-- SUPPLIED DATA follows --

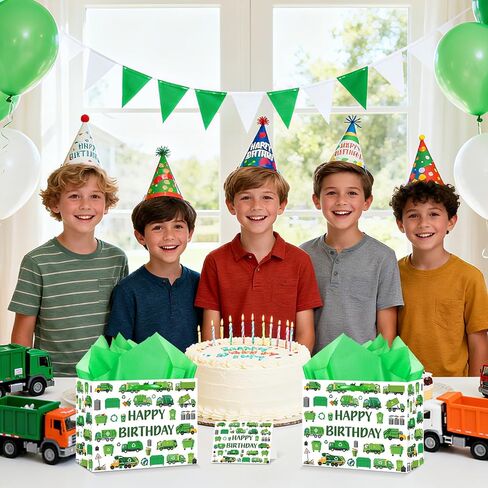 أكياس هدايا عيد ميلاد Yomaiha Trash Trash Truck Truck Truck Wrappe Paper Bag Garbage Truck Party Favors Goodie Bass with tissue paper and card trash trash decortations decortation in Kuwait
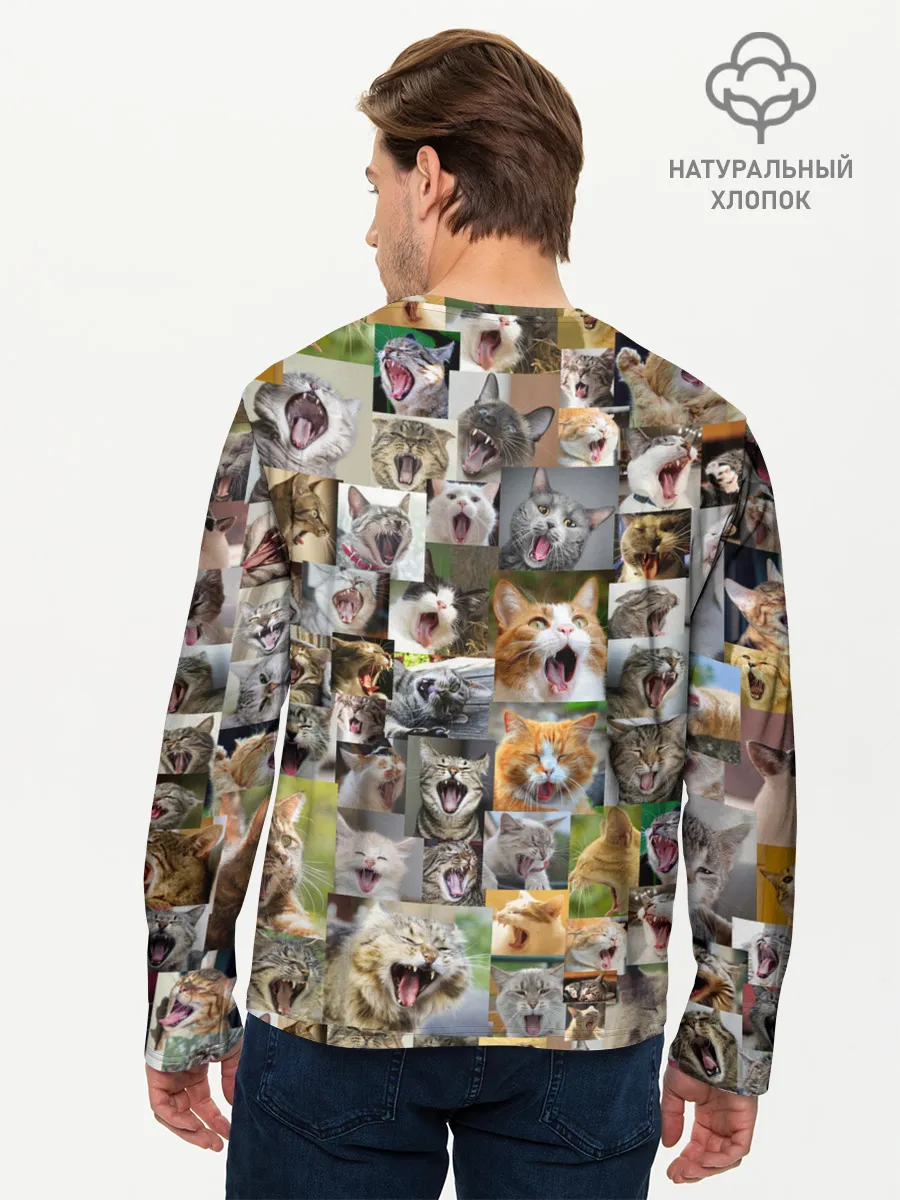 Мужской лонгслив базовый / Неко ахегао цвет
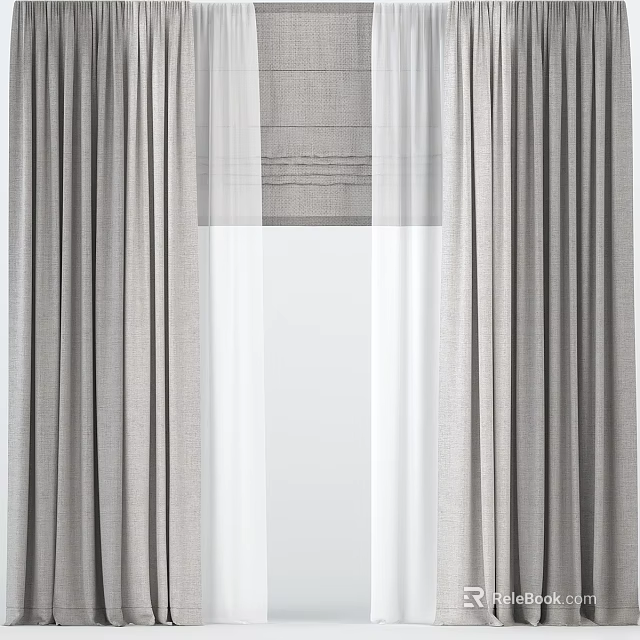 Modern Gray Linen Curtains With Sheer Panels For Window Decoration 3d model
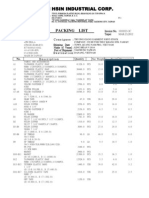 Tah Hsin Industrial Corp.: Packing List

-- SUPPLIED DATA concluded --

THE PROBLEM: Write each line exactly as it appears, from the line that holds "Modern Gray Linen" through the closing line of the data above, and leave every picture out.

WRITTEN RESPONSE:
 Modern Gray Linen Curtains With Sheer Panels For Window Decoration 3d model
 Tah Hsin Industrial Corp.: Packing List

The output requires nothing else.